Trois histoires complexes
Diplomate en poste à Cotonou au Bénin, Françoise Nicolas a été écartée après avoir découvert des dépenses fictives au sein du ministère des Affaires étrangères ; victime d’une agression de la part d’une collègue, placardisée à son retour en France, puis mise d’office à la retraite à 56 ans… elle a tenté à deux reprises de mettre fin à ses jours pendant son long combat pour faire valoir ses droits. « A partir de ces trois histoires complexes, j’ai voulu faire un seul récit et montrer la façon dont elles se rejoignent », explique Daniel Kupferstein.
Le film doit beaucoup à l’Association d'aide aux victimes et aux organisations confrontées aux suicides et dépressions professionnels (ASD-Pro), fondée en 2008 par Michel Lallier, syndicaliste, Dominique Huez, médecin du travail, et Frédérique Guillon, ergonome et psychologue du travail sur le site nucléaire de Chinon (Indre-et-Loire). « Nous avions été confrontés deux ans plus tôt à une série de suicides qui a mené à la prise de conscience d’une double peine, explique Frédérique Guillon.
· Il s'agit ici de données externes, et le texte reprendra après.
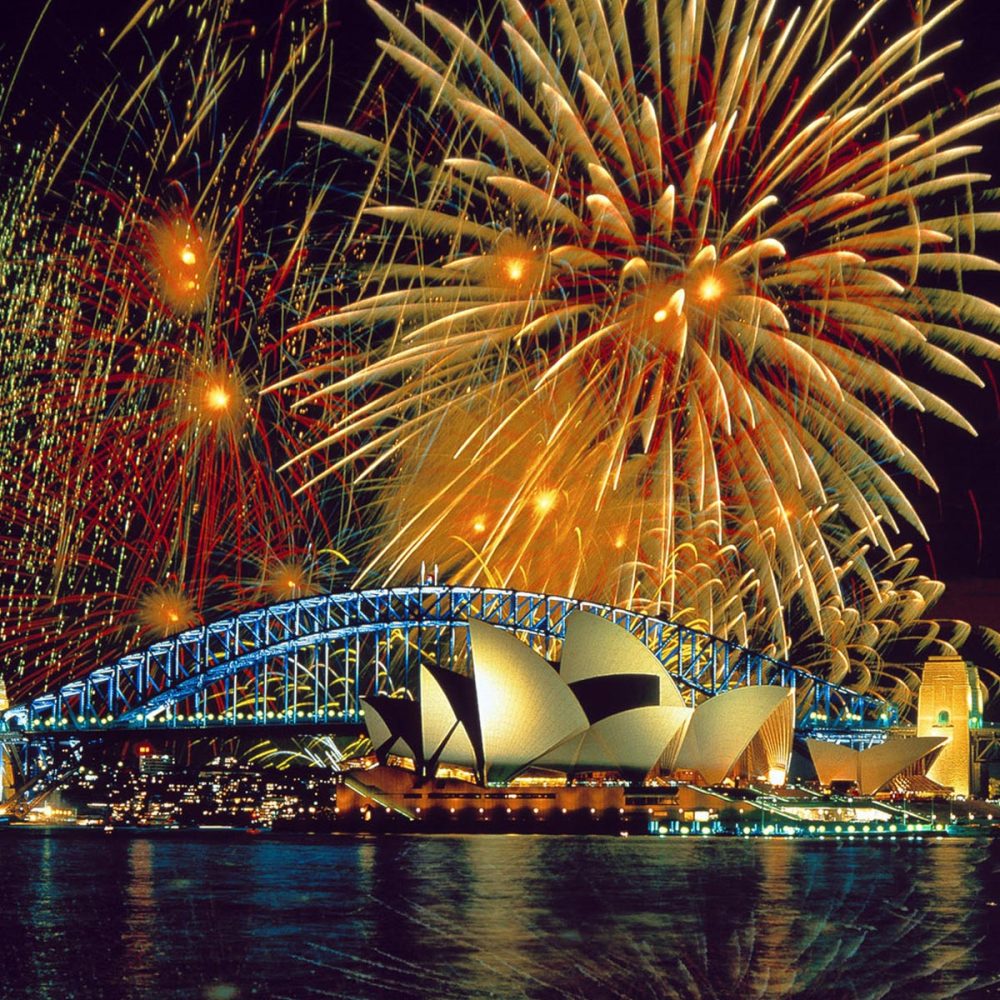 yacht hire sydney harbour new years eve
A la souffrance professionnelle, s’ajoute le déni qu’oppose l’entreprise de tout lien avec le travail. » En outre, l’association souhaitait sortir de l’impasse du harcèlement moral entre individus : « Nous préférons parler de souffrance organisationnelle ou institutionnelle et nous la montrons, poursuit Frédérique Guillon. Elle est souvent suivie d’une souffrance administrative dès lors que les victimes veulent la faire valoir. »
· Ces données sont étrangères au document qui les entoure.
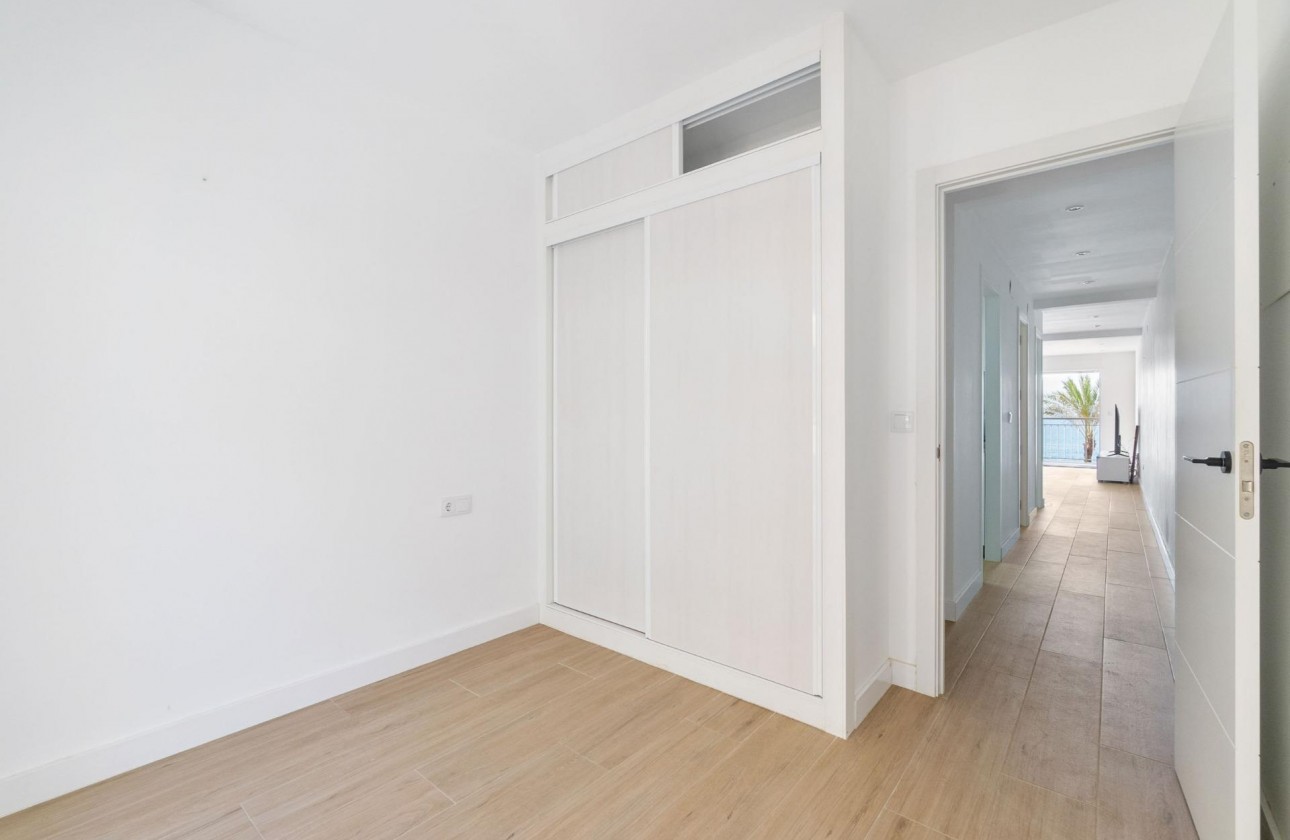 Resale - Apartment / flat - Torrevieja - Playa del cura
Harcèlement institutionnel
L’association, qui reçoit chaque année une quarantaine de demandes d’accompagnement, s’est portée partie civile au procès France Télécom qui a consacré la notion de « harcèlement moral institutionnel », à la suite notamment de dix-neuf suicides ayant eu lieu entre 2007 et 2010. « Nous dénoncions les dénégations de cette entreprise qui s’est efforcée de rendre invisibles les conséquences de sa politique organisationnelle sur la santé mentale des agents, et la justice nous a donné raison », précise Frédérique Guillon.
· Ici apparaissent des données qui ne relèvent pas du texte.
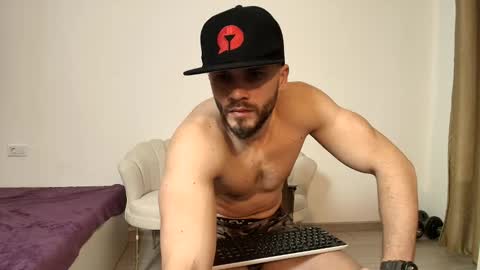 Snapshot of thetopalex chatting on January 6, 2026, 6:06 am TheTopAlex online show from January 6, 2026, 6:06 am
Les indemnités versées à la suite de la reconnaissance du préjudice ont permis à ASD-Pro de financer ce documentaire de 82 minutes. « Il vise à montrer le déni des directions, aussi bien des administrations que des entreprises, ainsi que la dynamique d’action des victimes et de leurs ayants droit. Il y a un contraste percutant entre des situations où il existe un soutien – par exemple, les parents de Lauriane, accompagnés par un syndicat, qui ont obtenu la reconnaissance de l’imputabilité au service de son suicide – et celles où il est absent », poursuit Frédérique Guillon. L’association espère ouvrir le débat, notamment avec les syndicats : car ces situations qui peuvent être perçues comme individuelles, voire personnelles, révèlent des problèmes organisationnels, par conséquent collectifs. Les condamnations des dirigeants de France Télécom n’ont pas suffi pour que des leçons en soient tirées en matière de prévention des risques, chez Orange ou ailleurs. « Mais il est désormais possible de porter plainte pour harcèlement institutionnel, un chef d’accusation qui ouvre la voie à une investigation », souligne Frédérique Guillon.